The problem is it’s harder to get traction with this type of music, hard to break through the morass and get noticed. But, maybe that Tom Petty song about the A&R man not hearing the single is what it’s all about. Maybe there is no single. Maybe the concept of an A&R man is archaic. Maybe it’s solely about the band. Making its music and releasing it to the public, unfiltered.

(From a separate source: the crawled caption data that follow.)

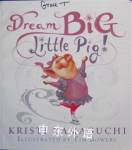 Dream big little pig! Kristi Yamaguchi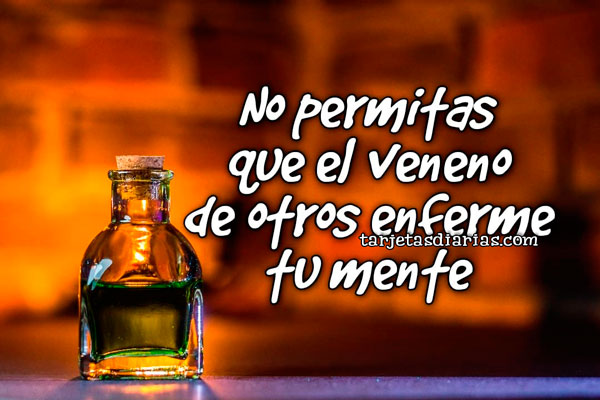 NO PERMITAS QUE EL VENENO DE OTROS ENFERME TU MENTE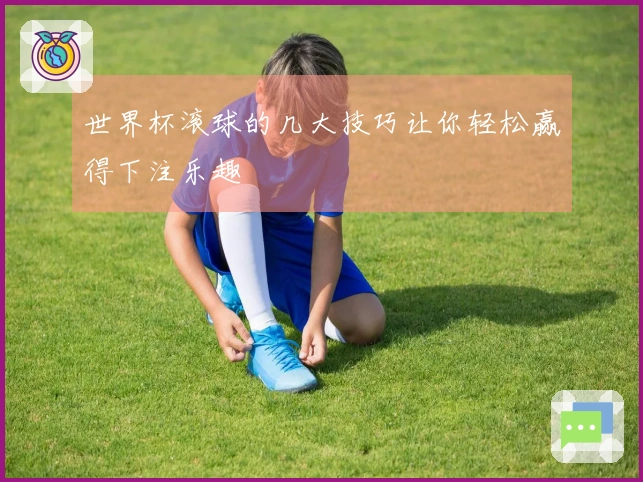 世界杯滚球的几大技巧让你轻松赢得下注乐趣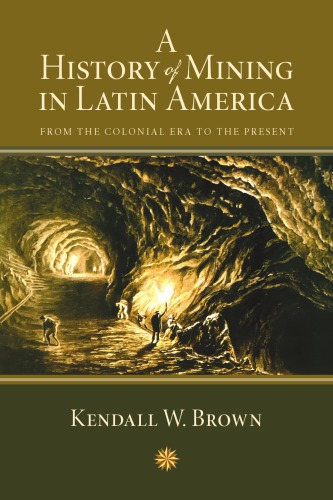 A History of Mining in Latin America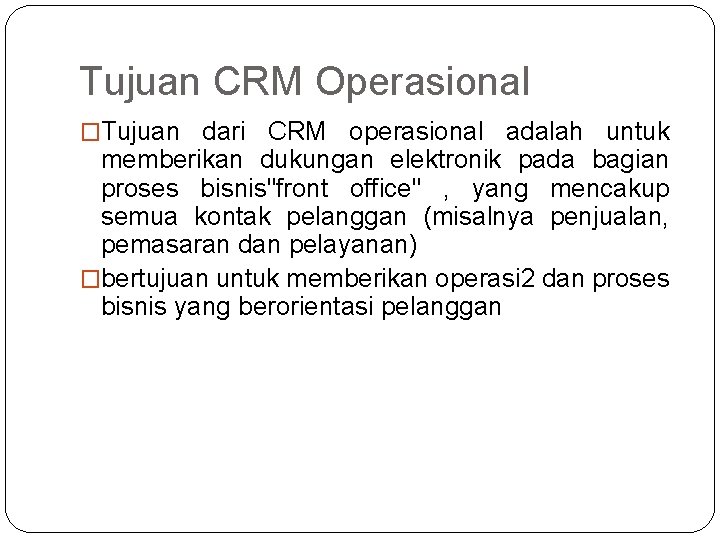 Tujuan CRM Operasional �Tujuan dari CRM operasional adalah untuk memberikan dukungan elektronik pada bagian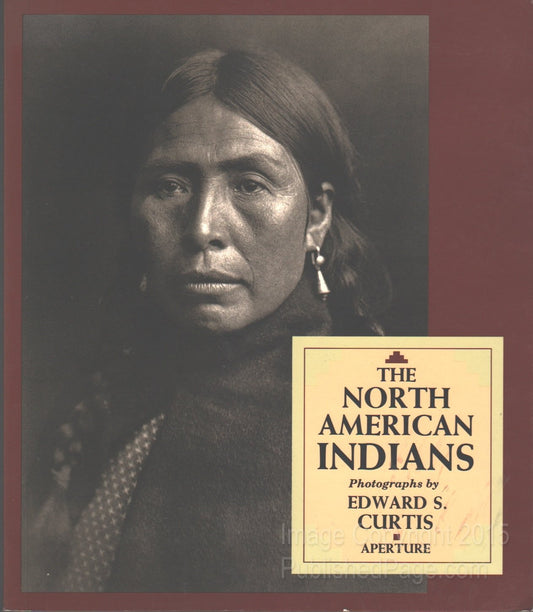 The North American Indians: A Selection of Photographs by Edward S. Curtis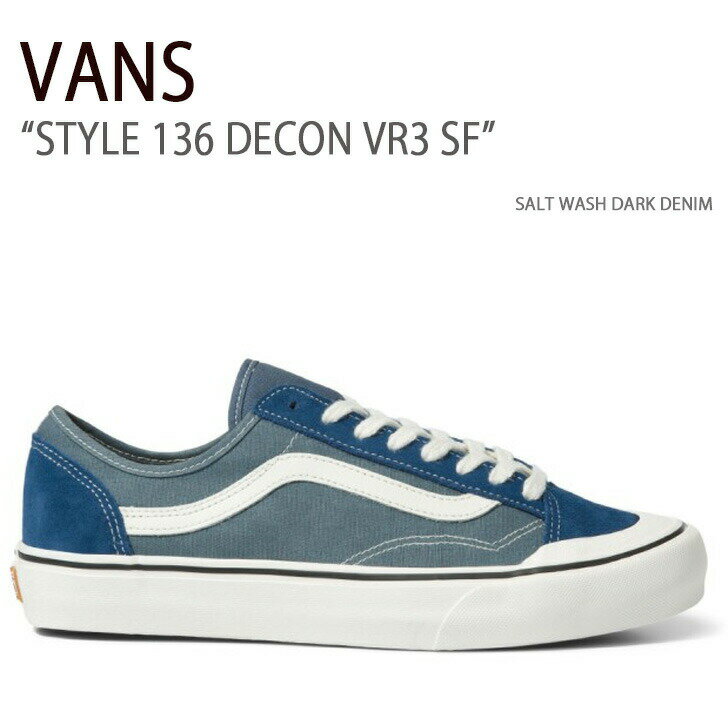 VANS oY Xj[J[ STYLE 136 DECON VR3 SF SALT WASH DARK DENIM X^C136 @Y V[Y Y fB[X VN0A4BX9DDNyÁzgpi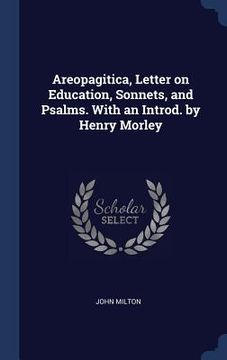 portada Areopagitica, Letter on Education, Sonnets, and Psalms. With an Introd. by Henry Morley (en Inglés)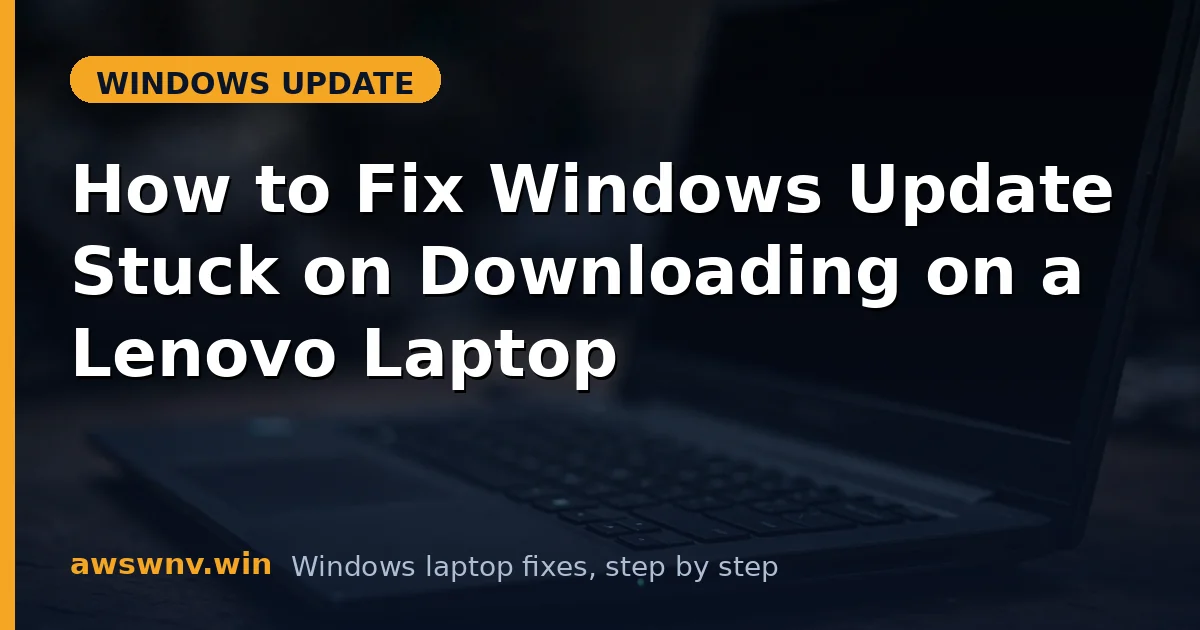 How to Fix Windows Update Stuck on Downloading on a Lenovo Laptop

The old guard abhors this. They’re trying to rationalize their continued existence, spreading bullshit all the while. P2P will result in the death of music. You’ve got to sign 360 deals or the major labels will die, and we’ll all be the poorer for it. But all that’s untrue. The public hungers for that hit music gives them. Not something that slides off their backs, bounces off their foreheads, but x-rays that penetrate their souls and are held close forever.
You have to look at the Web music explosion not as theft, but as raw desire, for the hit that music has generated from the beginning of time. People know the power of music, and they don’t like what the businessmen have done to it, and with the tools at their disposal, now having power themselves, they’ve taken charge. That’s just how important it is to them.
It’s not important for a track to be in a TV show, in an ad. Those are just marketing tools. One track does not make a career. How can you convince people that everything you do is worthwhile, especially after the nineties, when the only cuts worth listening to on endless albums were the singles?
I’d say there’s a revolution brewing, but really, it’s a reclamation, of music’s power. The Netizens don’t care about SoundScan numbers and concert grosses, they only care about how the music makes them feel.
The music of the classic rock acts makes them feel powerful, and reflective, a whole cornucopia of human emotions. They go to the show for the album experience. They know all those cuts that never hit the airwaves, they played the albums ad infinitum.
We want order, we want comprehension instead of chaos. Therefore, we lean on old models. But the only way to the future is on a brand new path, the old models are dead. It’s truly about the music. Does it elate you, does it comfort you, do you want to hear it not only today, but the rest of your life. Will it help you get through after your beloved dumps you, or dies. Will it give you the strength to beat cancer. It will only do this if it’s the unfettered truth. If the focus is on what’s in the grooves instead of the trappings.